It's to your benefit to complain

Published Jan 22, 2008

Share

The website of the Pension Funds Adjudicator will help you to make your case if you believe your retirement nest egg is under threat.

If you suspect something is amiss in the way your pension, provident, preservation or retirement annuity (RA) fund is run, or how it is investing your money, your first port of call should be the website of the Pension Funds Adjudicator ( www.pfa.org.za).

The adjudicator's office is mandated to assist you in settling complaints about your retirement fund in a cheap, quick and easy way.

The office's website supports this role, and if you plan to lay a complaint, visit the Publications section of the site and follow the Complaints Guidelines link.

From this page you can download the Complaints Guide in any of the 11 official languages. This document explains who can complain, when you can complain and what you can complain about. For example, you can complain about a fund only if you are a member or a beneficiary of the fund, an employer that participates in the fund, or a trustee of the fund.

And you cannot complain to the adjudicator if you are a member, beneficiary or trustee of a fund, such as the Government Employees Pension Fund, to which the government contributes financially.

The Complaints Guide document stipulates what you must do before you complain to the adjudicator - mainly that you must first take your complaint to the fund or your employer.

The guide also contains information on how to submit your complaint to the adjudicator and what to include in it. It contains a template that you can use to draw up your complaint. Alternatively, you can submit it online if you follow the Procedures and the Online Complaints Guide links.

In the Procedures section there is also a Frequently Asked Questions page, which contains much of the same information that is contained in the Complaints Guide, with one or two additional pieces of information.

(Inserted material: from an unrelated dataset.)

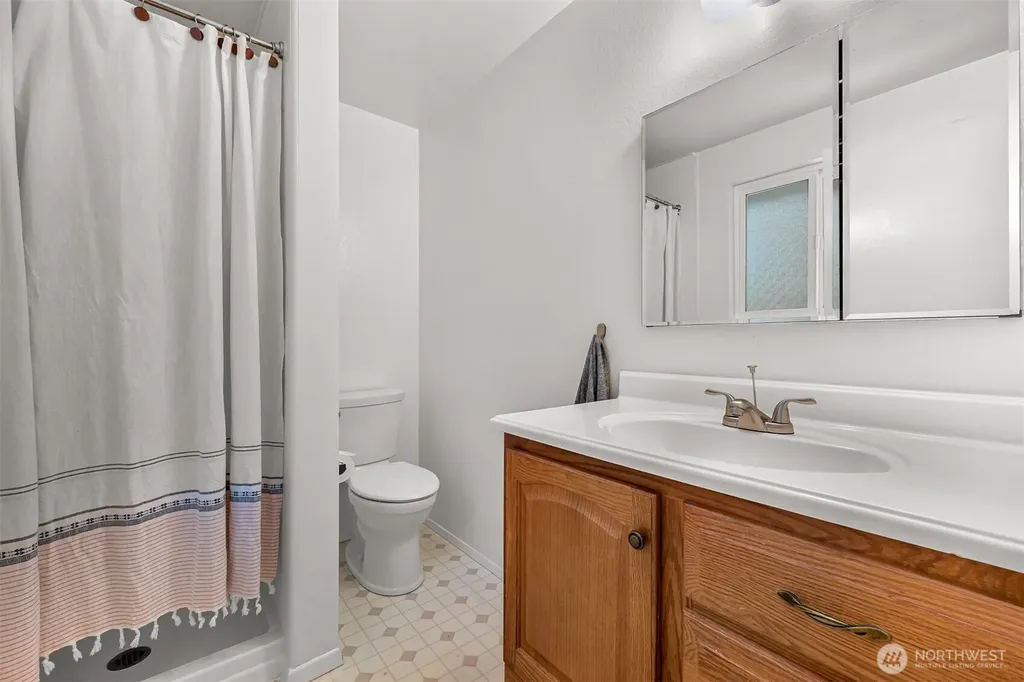 862 E Douglas Bellingham WA 98226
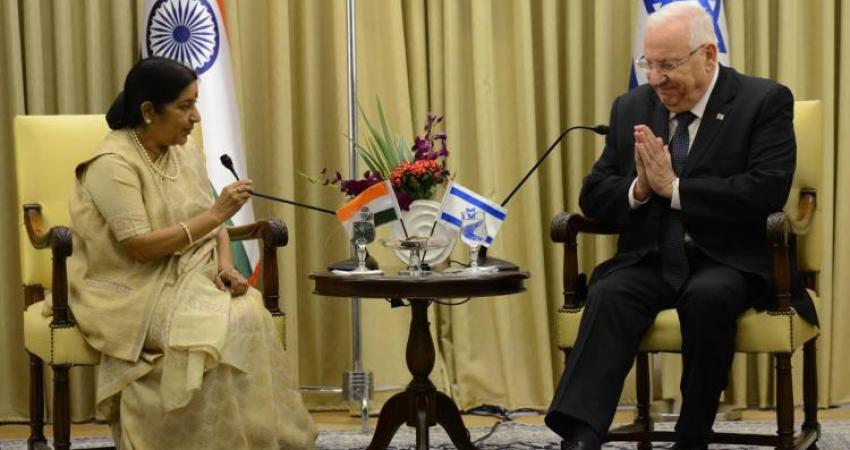 ريفلين والهند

For example, both documents explain how the adjudicator will deal with your complaint, but the Frequently Asked Questions page also explains how the adjudicator's office has to remain impartial and cannot therefore give you advice.

If you have an RA and are planning to lodge a complaint about the after-effects of stopping or reducing your contributions, or retiring early, you also need to download A Guideline for RA Members from the Complaints Guidelines page. This document contains a list of questions you need to ask the trustees of your RA fund before you lodge your complaint. Deputy pension funds adjudicator Naleen Jeram says many people were laying complaints without having all the information they needed.

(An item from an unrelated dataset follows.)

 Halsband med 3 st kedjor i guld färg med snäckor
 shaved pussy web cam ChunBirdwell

The questions you need to ask deal with issues such as the commission you have paid on your investment, the provisions in the fund rules that provide for this commission and increases in it when contributions are increased, the costs that are payable from your investment and the provisions in the rules for these costs.

You can also find most of the determinations made by Vuyani Ngalwana, the current adjudicator, or any of his predecessors. The rulings are listed both by the year in which they were made and by the subject matter of the ruling, which makes it easy to find ones that deal with similar issues to yours.

The latest determinations can be found on the home page and, in case you are keenly awaiting the outcome of one, they find their way on to the site at the same time that they are released to the media.